Every story we tell ourselves or others is in some way an act of self-preservation. When we’re small, everything we do is a kind of accident for which we can’t be blamed because we just haven’t yet learned a particular rule or set of rules. Then, we reach the so-called Age of Reason where we start hearing phrases like “you should know better” and “go sit in time out and think about what you’ve done.”

Knowing Better

A child who wets the bed knows they shouldn’t wet the bed. A parent who punishes their child for wetting the bed is typically judged harshly. A child can’t help what their body is doing when they’re sleeping, they’re still learning to listen to their body when they’re awake!

A child who’s been told not to climb on the back of the couch should know not to climb on the bookshelf, but — when an insatiable curiosity hits to know what’s inside the covers of the books out of reach — an as-yet-unspoken rule getting broken is not wholly the fault of the child. The mistake was thinking that because you told the kid one thing, they would naturally know the other.

Yet a parent punishing their child for climbing a bookshelf when the child was never told not to climb the bookshelf, but were told not to climb on the wrong part of the couch, is seen as either clarifying a rule or having a particularly precocious child. The child says “It was an accident” because they did not wholly realize what they were doing. The parent says “Think about what you’ve done.”

Thinking About What You’ve Done

A while back my sister (who has never put her daughter in time out) posted a video of her kids at the park wherein my niece said “I’m having a time out.” She just sat down in the play area and held still and took a time out for herself. I’ve never before wished for the ability to read minds so hard in my life.
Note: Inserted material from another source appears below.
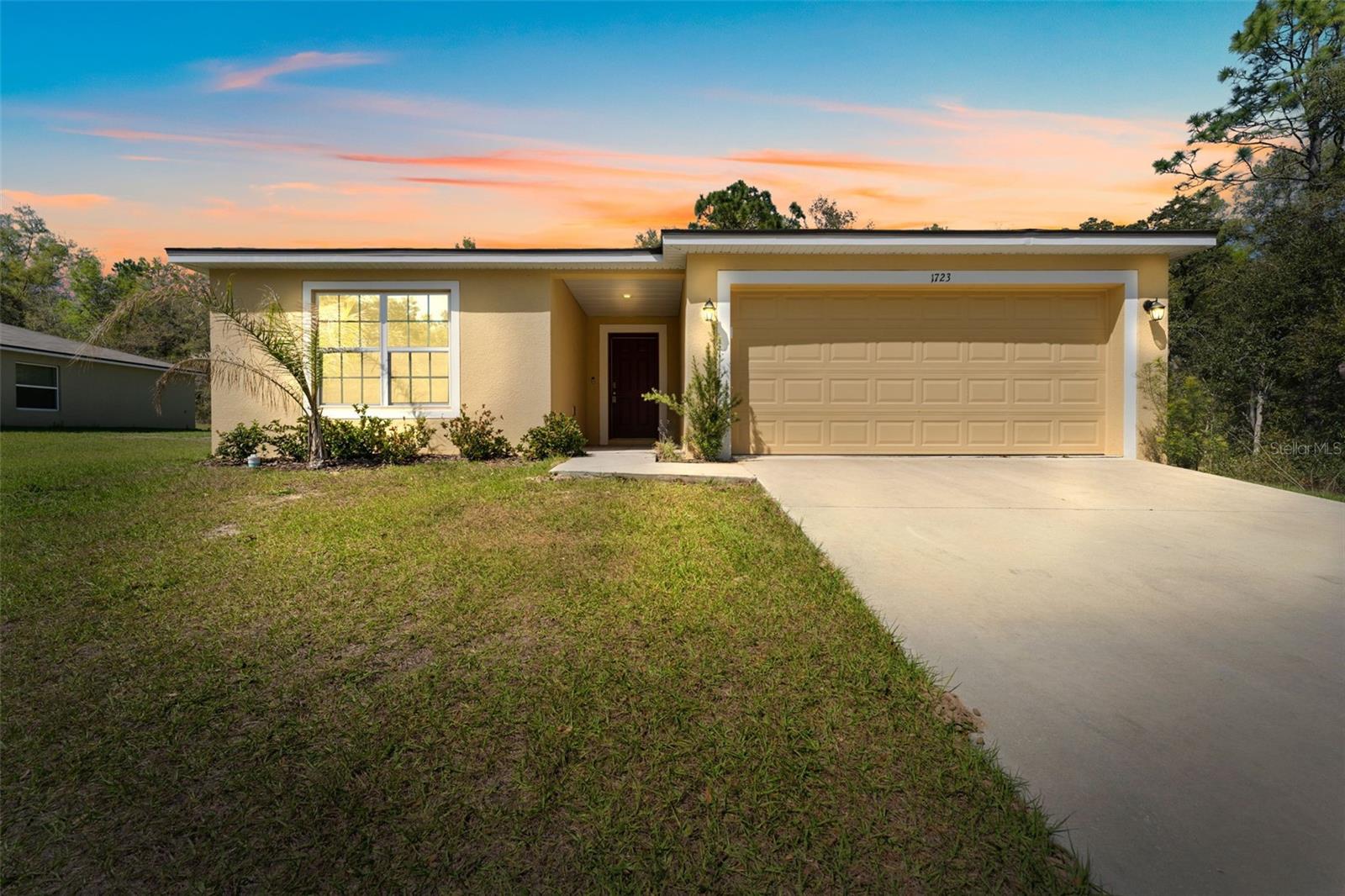1723 W COUNTRY CLUB BLVD, CITRUS SPRINGS, FL, 34434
I remember being sent to time out to think about things I’d done. Do you? Chances are, being that we were kids and knew nothing about mindfulness or self-awareness, you — like me — sat there still convinced that your parents were wrong for punishing you because “it was an accident” and maybe thought about how the “broken” rule in question had now been expanded to include your most recent offense.

Now, think about all those times in your day-to-day where your life by some unforeseeable accident got crazy out of hand and suddenly you were scrounging to recover from what feels like everybody else’s mistakes. If we take a time out for ourselves plus practice a little mindfulness, can we follow the chain of events back to our own mistakes? Did we make the mistake of assuming we were perfectly clear in our message or take for granted that a certain someone was going to do what they always do without checking in with them?

Accidents Happen, Mistakes Repeat

Every mistake, from honest to tragic, is a moment of not giving our full attention to the situation at hand. Every accident, from innocent to tragic, is an outcome unforeseen because we weren’t giving our full attention to the situation at hand. We use the word mistake when we know what we did wrong, and accident when we still can’t see the connection between our actions and the outcome.

Confusion comes when the words are used interchangeably, particularly “honest mistake” and “innocent mistake” in place of accident when all we want is not to be blamed, not to be the villain of a particular situation. A child falling asleep and wetting the bed has an accident. A kid at a sleepover putting the sleeping child’s hand in a bowl of warm water to make them wet the bed is making a mistake.

When we stop to think about what we or others have done, how far back are we willing to go to find the root mistake, the moment of inattention that lead to trouble or even tragedy? When looking back, do we stop at the first clear mistake we find, or dig deeper to prevent its happening again?